Así fue que empezó a tomar clases nocturnas en South Kensington. “El dibujo es la columna vertebral de todo”, dijo una vez. Empezó dibujando; la pintura vendría después. Luego se unió a una Escuela de Bellas Artes donde recibió precisas instrucciones de Thomas Heatherley. Todo esto lo cuenta Rudolph De Cordova en un artículo público en la revista Windsor, en su número de diciembre de 1904.
II
Una anécdota de Cordova. Hay un niño muy bonito posando como modelo en el estudio. Edmund Leighton lo dibuja sobre el papel con la mayor precisión posible. Pero algo anda mal. Heatherley, que acaba de entrar al aula para hacerles observaciones los estudiantes, se lo marca: el tamaño de la cabeza es más pequeño que el modelo. “Lo sé, pero me temo que no puedo modificarlo ahora”. “¿Por qué? ¿Acaso no tienes goma de borrar?”, pregunta el profesor con una sonrisa.

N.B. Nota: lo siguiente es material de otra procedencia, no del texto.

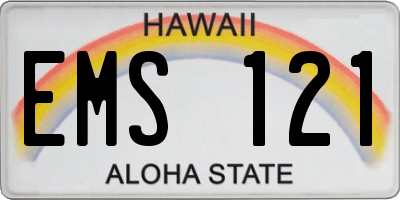 HI license plate EMS121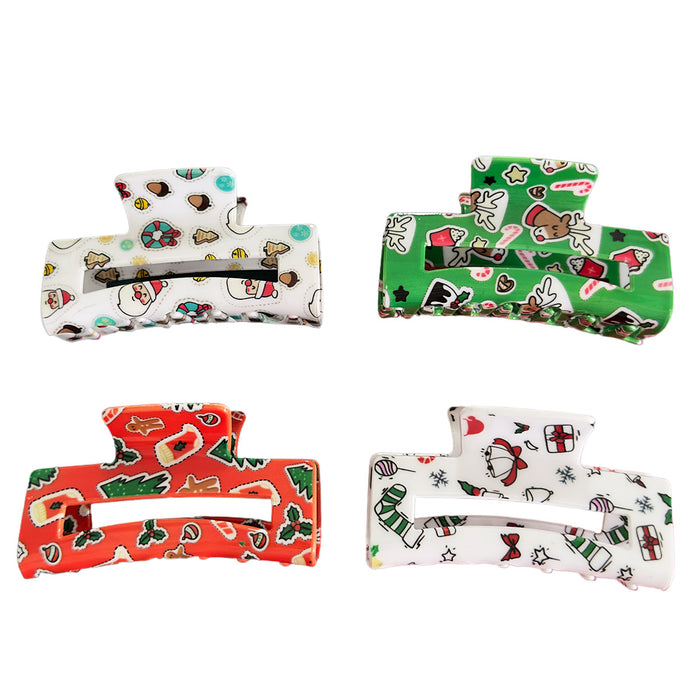 Wholesale Christmas Pickled Gingerbread Man Elk Hair Clip Christmas Elements Hair Grab Hair Ornament Shark Clip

“Oh, sí, tengo goma de borrar, pero me temo que es demasiado tarde; el modelo se irá en menos de una hora”. Entonces Heatherley le dice que “en el arte nunca es demasiado tarde para alterar tu trabajo si está mal”. Leighton pensó un segundo y dijo: “Gracias”. Y se puso a mejorar su dibujo que, aunque sólo era un trabajo de práctica, merecía todo la atención y el detalle posible. Debía dejar todo en cada obra. Y esa enseñanza le quedó grabada para siempre.